Extracted records:
++++

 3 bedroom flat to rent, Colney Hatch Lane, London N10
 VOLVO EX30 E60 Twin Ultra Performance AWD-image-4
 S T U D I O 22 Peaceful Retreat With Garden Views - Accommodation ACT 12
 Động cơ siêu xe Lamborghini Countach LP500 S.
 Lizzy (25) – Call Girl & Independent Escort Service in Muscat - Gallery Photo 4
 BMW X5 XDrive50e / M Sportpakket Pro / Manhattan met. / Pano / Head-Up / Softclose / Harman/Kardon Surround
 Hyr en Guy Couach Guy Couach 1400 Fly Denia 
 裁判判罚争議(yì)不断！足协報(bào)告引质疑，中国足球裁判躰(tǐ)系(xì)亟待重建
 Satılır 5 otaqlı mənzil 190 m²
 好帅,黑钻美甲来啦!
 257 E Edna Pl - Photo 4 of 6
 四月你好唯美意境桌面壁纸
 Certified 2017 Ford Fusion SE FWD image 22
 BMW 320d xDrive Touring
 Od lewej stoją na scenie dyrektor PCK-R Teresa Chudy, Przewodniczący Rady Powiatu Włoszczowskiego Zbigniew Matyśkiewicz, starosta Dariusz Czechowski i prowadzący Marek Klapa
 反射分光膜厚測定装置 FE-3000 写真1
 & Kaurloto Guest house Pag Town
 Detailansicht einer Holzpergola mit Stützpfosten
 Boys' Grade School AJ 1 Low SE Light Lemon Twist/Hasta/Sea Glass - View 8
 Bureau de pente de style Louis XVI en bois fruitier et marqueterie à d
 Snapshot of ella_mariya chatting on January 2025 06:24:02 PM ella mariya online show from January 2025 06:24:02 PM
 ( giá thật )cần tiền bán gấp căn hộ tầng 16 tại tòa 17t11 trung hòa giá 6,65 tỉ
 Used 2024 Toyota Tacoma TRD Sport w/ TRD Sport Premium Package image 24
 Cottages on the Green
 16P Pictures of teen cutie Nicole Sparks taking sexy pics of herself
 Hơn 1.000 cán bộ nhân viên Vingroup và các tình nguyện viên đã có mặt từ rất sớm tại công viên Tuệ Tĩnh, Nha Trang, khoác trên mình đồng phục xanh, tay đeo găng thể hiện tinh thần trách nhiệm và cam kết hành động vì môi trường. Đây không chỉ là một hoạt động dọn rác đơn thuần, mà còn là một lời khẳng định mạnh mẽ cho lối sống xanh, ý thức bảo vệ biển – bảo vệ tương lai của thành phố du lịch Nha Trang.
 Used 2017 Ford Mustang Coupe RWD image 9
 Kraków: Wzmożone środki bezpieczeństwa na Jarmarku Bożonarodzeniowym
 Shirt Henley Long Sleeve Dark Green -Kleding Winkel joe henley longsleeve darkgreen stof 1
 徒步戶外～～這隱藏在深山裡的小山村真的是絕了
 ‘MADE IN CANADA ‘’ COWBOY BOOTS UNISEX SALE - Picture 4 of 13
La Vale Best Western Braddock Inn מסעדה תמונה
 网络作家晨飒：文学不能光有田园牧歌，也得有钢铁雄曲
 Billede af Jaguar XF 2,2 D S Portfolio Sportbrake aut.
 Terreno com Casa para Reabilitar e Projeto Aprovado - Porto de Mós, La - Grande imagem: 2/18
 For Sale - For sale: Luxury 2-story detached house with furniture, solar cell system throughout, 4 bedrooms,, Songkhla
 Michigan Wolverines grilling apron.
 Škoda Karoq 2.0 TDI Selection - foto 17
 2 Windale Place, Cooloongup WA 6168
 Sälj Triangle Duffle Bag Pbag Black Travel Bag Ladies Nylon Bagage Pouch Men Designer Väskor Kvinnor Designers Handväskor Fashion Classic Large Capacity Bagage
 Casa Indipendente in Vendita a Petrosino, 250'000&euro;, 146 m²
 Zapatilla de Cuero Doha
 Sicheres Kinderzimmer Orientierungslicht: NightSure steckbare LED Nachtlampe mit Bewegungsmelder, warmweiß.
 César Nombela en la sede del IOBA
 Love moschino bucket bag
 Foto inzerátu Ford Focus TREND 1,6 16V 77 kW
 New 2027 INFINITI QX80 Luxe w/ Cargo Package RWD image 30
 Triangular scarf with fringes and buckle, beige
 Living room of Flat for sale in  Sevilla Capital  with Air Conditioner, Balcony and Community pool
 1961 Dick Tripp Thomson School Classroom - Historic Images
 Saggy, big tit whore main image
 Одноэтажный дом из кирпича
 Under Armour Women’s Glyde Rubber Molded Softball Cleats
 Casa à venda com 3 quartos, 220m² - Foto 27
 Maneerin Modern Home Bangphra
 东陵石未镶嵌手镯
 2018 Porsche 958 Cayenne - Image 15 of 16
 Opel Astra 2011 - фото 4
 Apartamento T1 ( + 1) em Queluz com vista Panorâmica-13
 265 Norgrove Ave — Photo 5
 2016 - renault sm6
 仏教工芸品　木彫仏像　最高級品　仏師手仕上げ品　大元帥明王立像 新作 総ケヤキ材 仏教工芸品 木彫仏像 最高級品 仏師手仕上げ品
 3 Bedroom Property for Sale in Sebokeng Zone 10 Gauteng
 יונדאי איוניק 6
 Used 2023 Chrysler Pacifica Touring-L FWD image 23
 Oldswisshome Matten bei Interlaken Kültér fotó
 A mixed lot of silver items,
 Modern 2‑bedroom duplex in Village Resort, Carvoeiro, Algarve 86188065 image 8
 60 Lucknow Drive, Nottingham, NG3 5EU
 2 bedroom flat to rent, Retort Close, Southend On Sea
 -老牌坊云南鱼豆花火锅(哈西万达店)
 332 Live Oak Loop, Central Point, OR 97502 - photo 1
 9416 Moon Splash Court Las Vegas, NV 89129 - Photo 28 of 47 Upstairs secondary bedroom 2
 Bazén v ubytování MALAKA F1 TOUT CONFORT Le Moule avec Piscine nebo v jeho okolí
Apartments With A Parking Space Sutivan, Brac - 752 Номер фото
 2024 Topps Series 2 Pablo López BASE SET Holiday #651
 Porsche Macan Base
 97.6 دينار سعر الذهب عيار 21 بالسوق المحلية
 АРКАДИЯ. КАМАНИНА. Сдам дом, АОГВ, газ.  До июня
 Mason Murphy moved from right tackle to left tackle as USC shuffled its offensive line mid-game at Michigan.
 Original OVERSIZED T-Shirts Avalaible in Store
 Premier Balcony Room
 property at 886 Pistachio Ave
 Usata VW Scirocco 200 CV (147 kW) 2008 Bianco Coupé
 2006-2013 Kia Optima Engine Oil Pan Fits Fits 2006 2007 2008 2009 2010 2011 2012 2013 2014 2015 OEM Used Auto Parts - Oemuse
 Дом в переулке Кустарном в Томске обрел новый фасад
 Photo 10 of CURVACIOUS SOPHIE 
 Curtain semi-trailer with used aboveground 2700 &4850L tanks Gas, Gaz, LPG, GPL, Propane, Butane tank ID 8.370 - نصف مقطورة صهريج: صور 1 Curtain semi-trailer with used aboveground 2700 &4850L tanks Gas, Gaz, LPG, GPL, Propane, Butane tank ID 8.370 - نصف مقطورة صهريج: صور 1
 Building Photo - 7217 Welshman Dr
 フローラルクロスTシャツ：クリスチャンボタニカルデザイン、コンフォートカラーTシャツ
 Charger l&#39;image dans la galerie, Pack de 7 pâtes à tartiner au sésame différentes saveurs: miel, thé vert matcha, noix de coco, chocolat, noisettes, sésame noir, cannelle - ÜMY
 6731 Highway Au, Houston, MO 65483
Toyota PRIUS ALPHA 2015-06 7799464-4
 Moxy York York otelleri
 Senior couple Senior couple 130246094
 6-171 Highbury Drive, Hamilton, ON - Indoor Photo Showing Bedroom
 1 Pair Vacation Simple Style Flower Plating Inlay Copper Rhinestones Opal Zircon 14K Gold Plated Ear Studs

++++

● **Aim of the exercise**:
Each of the entries must be written out again exactly.

● **Answer for the task**:
 3 bedroom flat to rent, Colney Hatch Lane, London N10
 VOLVO EX30 E60 Twin Ultra Performance AWD-image-4
 S T U D I O 22 Peaceful Retreat With Garden Views - Accommodation ACT 12
 Động cơ siêu xe Lamborghini Countach LP500 S.
 Lizzy (25) – Call Girl & Independent Escort Service in Muscat - Gallery Photo 4
 BMW X5 XDrive50e / M Sportpakket Pro / Manhattan met. / Pano / Head-Up / Softclose / Harman/Kardon Surround
 Hyr en Guy Couach Guy Couach 1400 Fly Denia 
 裁判判罚争議(yì)不断！足协報(bào)告引质疑，中国足球裁判躰(tǐ)系(xì)亟待重建
 Satılır 5 otaqlı mənzil 190 m²
 好帅,黑钻美甲来啦!
 257 E Edna Pl - Photo 4 of 6
 四月你好唯美意境桌面壁纸
 Certified 2017 Ford Fusion SE FWD image 22
 BMW 320d xDrive Touring
 Od lewej stoją na scenie dyrektor PCK-R Teresa Chudy, Przewodniczący Rady Powiatu Włoszczowskiego Zbigniew Matyśkiewicz, starosta Dariusz Czechowski i prowadzący Marek Klapa
 反射分光膜厚測定装置 FE-3000 写真1
 & Kaurloto Guest house Pag Town
 Detailansicht einer Holzpergola mit Stützpfosten
 Boys' Grade School AJ 1 Low SE Light Lemon Twist/Hasta/Sea Glass - View 8
 Bureau de pente de style Louis XVI en bois fruitier et marqueterie à d
 Snapshot of ella_mariya chatting on January 2025 06:24:02 PM ella mariya online show from January 2025 06:24:02 PM
 ( giá thật )cần tiền bán gấp căn hộ tầng 16 tại tòa 17t11 trung hòa giá 6,65 tỉ
 Used 2024 Toyota Tacoma TRD Sport w/ TRD Sport Premium Package image 24
 Cottages on the Green
 16P Pictures of teen cutie Nicole Sparks taking sexy pics of herself
 Hơn 1.000 cán bộ nhân viên Vingroup và các tình nguyện viên đã có mặt từ rất sớm tại công viên Tuệ Tĩnh, Nha Trang, khoác trên mình đồng phục xanh, tay đeo găng thể hiện tinh thần trách nhiệm và cam kết hành động vì môi trường. Đây không chỉ là một hoạt động dọn rác đơn thuần, mà còn là một lời khẳng định mạnh mẽ cho lối sống xanh, ý thức bảo vệ biển – bảo vệ tương lai của thành phố du lịch Nha Trang.
 Used 2017 Ford Mustang Coupe RWD image 9
 Kraków: Wzmożone środki bezpieczeństwa na Jarmarku Bożonarodzeniowym
 Shirt Henley Long Sleeve Dark Green -Kleding Winkel joe henley longsleeve darkgreen stof 1
 徒步戶外～～這隱藏在深山裡的小山村真的是絕了
 ‘MADE IN CANADA ‘’ COWBOY BOOTS UNISEX SALE - Picture 4 of 13
La Vale Best Western Braddock Inn מסעדה תמונה
 网络作家晨飒：文学不能光有田园牧歌，也得有钢铁雄曲
 Billede af Jaguar XF 2,2 D S Portfolio Sportbrake aut.
 Terreno com Casa para Reabilitar e Projeto Aprovado - Porto de Mós, La - Grande imagem: 2/18
 For Sale - For sale: Luxury 2-story detached house with furniture, solar cell system throughout, 4 bedrooms,, Songkhla
 Michigan Wolverines grilling apron.
 Škoda Karoq 2.0 TDI Selection - foto 17
 2 Windale Place, Cooloongup WA 6168
 Sälj Triangle Duffle Bag Pbag Black Travel Bag Ladies Nylon Bagage Pouch Men Designer Väskor Kvinnor Designers Handväskor Fashion Classic Large Capacity Bagage
 Casa Indipendente in Vendita a Petrosino, 250'000&euro;, 146 m²
 Zapatilla de Cuero Doha
 Sicheres Kinderzimmer Orientierungslicht: NightSure steckbare LED Nachtlampe mit Bewegungsmelder, warmweiß.
 César Nombela en la sede del IOBA
 Love moschino bucket bag
 Foto inzerátu Ford Focus TREND 1,6 16V 77 kW
 New 2027 INFINITI QX80 Luxe w/ Cargo Package RWD image 30
 Triangular scarf with fringes and buckle, beige
 Living room of Flat for sale in  Sevilla Capital  with Air Conditioner, Balcony and Community pool
 1961 Dick Tripp Thomson School Classroom - Historic Images
 Saggy, big tit whore main image
 Одноэтажный дом из кирпича
 Under Armour Women’s Glyde Rubber Molded Softball Cleats
 Casa à venda com 3 quartos, 220m² - Foto 27
 Maneerin Modern Home Bangphra
 东陵石未镶嵌手镯
 2018 Porsche 958 Cayenne - Image 15 of 16
 Opel Astra 2011 - фото 4
 Apartamento T1 ( + 1) em Queluz com vista Panorâmica-13
 265 Norgrove Ave — Photo 5
 2016 - renault sm6
 仏教工芸品　木彫仏像　最高級品　仏師手仕上げ品　大元帥明王立像 新作 総ケヤキ材 仏教工芸品 木彫仏像 最高級品 仏師手仕上げ品
 3 Bedroom Property for Sale in Sebokeng Zone 10 Gauteng
 יונדאי איוניק 6
 Used 2023 Chrysler Pacifica Touring-L FWD image 23
 Oldswisshome Matten bei Interlaken Kültér fotó
 A mixed lot of silver items,
 Modern 2‑bedroom duplex in Village Resort, Carvoeiro, Algarve 86188065 image 8
 60 Lucknow Drive, Nottingham, NG3 5EU
 2 bedroom flat to rent, Retort Close, Southend On Sea
 -老牌坊云南鱼豆花火锅(哈西万达店)
 332 Live Oak Loop, Central Point, OR 97502 - photo 1
 9416 Moon Splash Court Las Vegas, NV 89129 - Photo 28 of 47 Upstairs secondary bedroom 2
 Bazén v ubytování MALAKA F1 TOUT CONFORT Le Moule avec Piscine nebo v jeho okolí
Apartments With A Parking Space Sutivan, Brac - 752 Номер фото
 2024 Topps Series 2 Pablo López BASE SET Holiday #651
 Porsche Macan Base
 97.6 دينار سعر الذهب عيار 21 بالسوق المحلية
 АРКАДИЯ. КАМАНИНА. Сдам дом, АОГВ, газ.  До июня
 Mason Murphy moved from right tackle to left tackle as USC shuffled its offensive line mid-game at Michigan.
 Original OVERSIZED T-Shirts Avalaible in Store
 Premier Balcony Room
 property at 886 Pistachio Ave
 Usata VW Scirocco 200 CV (147 kW) 2008 Bianco Coupé
 2006-2013 Kia Optima Engine Oil Pan Fits Fits 2006 2007 2008 2009 2010 2011 2012 2013 2014 2015 OEM Used Auto Parts - Oemuse
 Дом в переулке Кустарном в Томске обрел новый фасад
 Photo 10 of CURVACIOUS SOPHIE 
 Curtain semi-trailer with used aboveground 2700 &4850L tanks Gas, Gaz, LPG, GPL, Propane, Butane tank ID 8.370 - نصف مقطورة صهريج: صور 1 Curtain semi-trailer with used aboveground 2700 &4850L tanks Gas, Gaz, LPG, GPL, Propane, Butane tank ID 8.370 - نصف مقطورة صهريج: صور 1
 Building Photo - 7217 Welshman Dr
 フローラルクロスTシャツ：クリスチャンボタニカルデザイン、コンフォートカラーTシャツ
 Charger l&#39;image dans la galerie, Pack de 7 pâtes à tartiner au sésame différentes saveurs: miel, thé vert matcha, noix de coco, chocolat, noisettes, sésame noir, cannelle - ÜMY
 6731 Highway Au, Houston, MO 65483
Toyota PRIUS ALPHA 2015-06 7799464-4
 Moxy York York otelleri
 Senior couple Senior couple 130246094
 6-171 Highbury Drive, Hamilton, ON - Indoor Photo Showing Bedroom
 1 Pair Vacation Simple Style Flower Plating Inlay Copper Rhinestones Opal Zircon 14K Gold Plated Ear Studs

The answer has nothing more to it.